Well, thanks for the review! Considering feedback I'll pull it from
the current 'fest and see if it can be brought up to muster.

> With regards to the first question, it seems to me that the patch is
> doing two separate but related things.
>
> 1. It allocates four 8kB pages in backend-local memory, each of which
> can store one bit for each XID in a 64K range.  The bit is set if the
> XID is known to be committed.  If we find this bit set, then we
> needn't consult CLOG.  This reduces CLOG traffic, at the cost of
> potentially doing more work in the case where the cache misses.  Every
> so often, we reconsider which XID ranges should be represented in our
> cache and consider replacing an existing page in the cache with some
> other one.
>
> 2. When we probe the cache and hit, we set the hint bit on the tuple
> *without dirtying the page*.  Thus, the hint bit will only get written
> back to disk if the page is dirtied for some other reason.  This will
> frequently reduce the amount of write I/O generated by large table
> scans, at the cost of possibly generating additional work for other
> backends who try to read this data later.

Right -- exactly. If you work through all the cases the main price to
pay is the overhead of the cache itself.

> Now, the interesting thing about the patch is that the downsides of #2
> are considerably mitigated by #1.  If we assume for the sake of
> argument that the backend-local cache is really, really fast, and that
> the cache replacement policy is sound, then one is just as good as the
> other, and the only time we need the hint bits is when the cache
> overflows, which just so happens to be exactly the patch forces them
> to be written out to disk.  That's pretty clever.  The exact way this
> is implemented is a little bit grotty, but I feel like it can work.
> So I'm inclined to think that, at 10,000 feet, if we can convince
> ourselves that the basic idea of sticking a cache in here is OK, then
> the additional refinement of declining to dirty the page when the
> cache, rather than CLOG, tell us that the XID is committed is probably
> OK too.
>
> With respect to the cache itself, I think the part that concerns me
> most is the cache replacement algorithm.  It's obvious that straight
> LRU can't work here, since that could easily result in horrible
> thrashing behavior.  But it's not clear to me that the actual
> algorithm, which considers evicting a page after every 100 misses, is
> all that great either.  Each page stores 64K transaction IDs, and
> after being in cache for a while, you might have 25% or 50% of those
> bits set, which is quite an asset.  Now you hit a run of 100 tuples
> with some XID not represented in that cache and you chuck that page
> out the window and replace it with a page that has just that one bit
> set.  Now you hit another run of 100 tuples with XIDs that would have
> hit the old page and flip it back; but now you've lost all those
> valuable bits you had set.  I'm not sure how likely that is to happen
> in real life, but it certainly seems like it could be a bit painful if
> it did.  The cache replacement algorithm is not cheap.
>
> Rather than just fiddling with the thresholds, it would be nice to use
> some sort of algorithm here that would be inherently resistant to
> cache thrashing.  For example, if we always just cached the four most
> recent pages of XIDs, and only ever replaced the oldest page we had in
> the cache with one newer than any page we had in the cache, that would
> make cache thrashing basically impossible.  Fairly obviously, that
> particular algorithm is probably not a good idea because it makes it
> impossible for us to adapt the cache contents to the data that is
> actually in the table, so we need something a bit smarter.  It might
> be worth doing a search of the academic literature on cache
> replacement policies and see if anyone else has come up with a good
> algorithm for this kind of situation.  Just to be clear, I'm not
> saying your algorithm is definitely bad; just that it seems possible
> that it might be bad, and that it feels like there's not a lot of
> justification for the particular method you've chosen rather than
> anything else.

Yeah.
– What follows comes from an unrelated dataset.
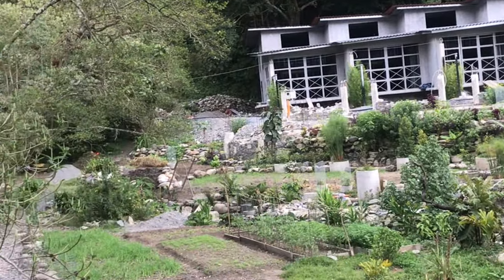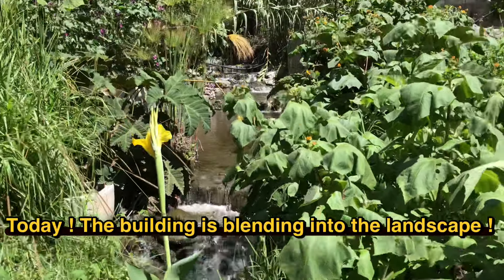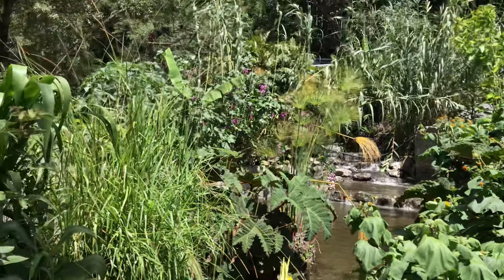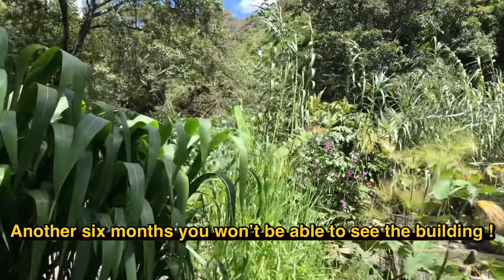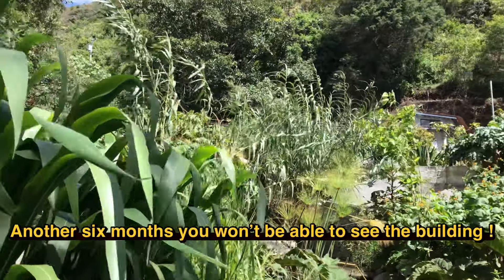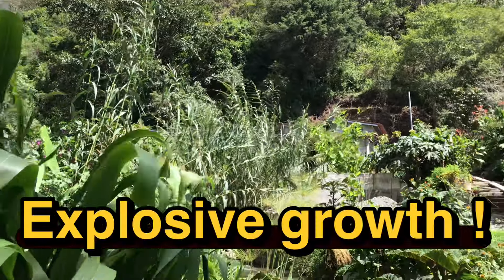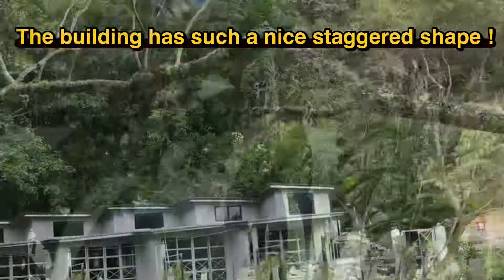A year and a half ago we finished the skeleton on the eco lodge. Our gardens at that point were very small, but now the building has disappeared into the greenscape. Another six months and you won't even be able to see the building from down below. That's how explosive the growth is on this building site.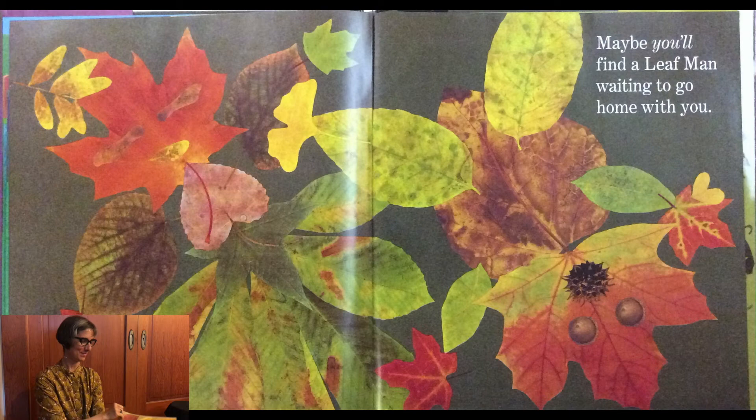Maybe you'll find a Leaf Man waiting to go home with you. The end. So, boys and girls, your assignment today is to go outside and see if you can find your very own Leaf Man or Woman or Leaf Fish or Leaf Cow or Leaf Chicken. Did you see how clever the book was to come up with all the different animals, all made out of leaves? So it's your turn to create a Leaf Art work. Be sure to email or text me your Leaf Art — I can't wait to see what you come up with. Thanks again for watching.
I went with the easiest to code as possible algorithm that had
as near to zero performance costs as possible. I couldn't help but
notice that several hint bit i/o reduction proposals were bounced on
the grounds that they imposed unfair costs on various unrealted cases
-- so I looked for a solution that did not have a measurable impact on
any case.

I think it's a fair point to ask how often thrashing cases will truly
come up where you don't have some other significant cost like i/o.
Even when you do thrash, you are just falling back on stock postgres
behaviors minus the maintenance costs.

With the algorithm as coded, to fully flush the cache you'd have to
find a series of *unhinted* tuples distributed across minimum of four
64k wide page ranges, with the number of tuples being over the 5%
noise floor. Furthermore, to eject a cache page you have to have more
hits than a page already in the cache got -- hits are tracked on the
existing pages and the candidate pages are effectively with the
existing pages based on hits with the best four picked. Also, is it
reasonable to expect the cache to help in these types of cases
anyways?

for posterity, an sql implementation of cache replacement might look like:

with existing_pages as
(
select page, number_hits, data from cache
),
candidate_pages as
(
select get_page(xid), count(*) as number_hits, null as data
from xid_miss_array group by get_page(xid)
)
insert into cache
select * from
(
select * from existing_pages
union all
select * from candidate_pages
)
order by hits desc limit 4;

The C implementation does this by qsorting the 100 element sized array
of 'miss' xids and then looping it, doing the accounting as it goes.
It's fast.

If your concern is the cost of replacement, then you can
micro-optimize (a hand rolled qsort alone should squeeze out quite a
bit of fat) or experiment with a new algorithm as you suggested.
However i should note that at least for pgbench fsync=off oltp tests
(the only way I could think of to exercise cache replacement), it
(replacement costs) did not show up on the radar.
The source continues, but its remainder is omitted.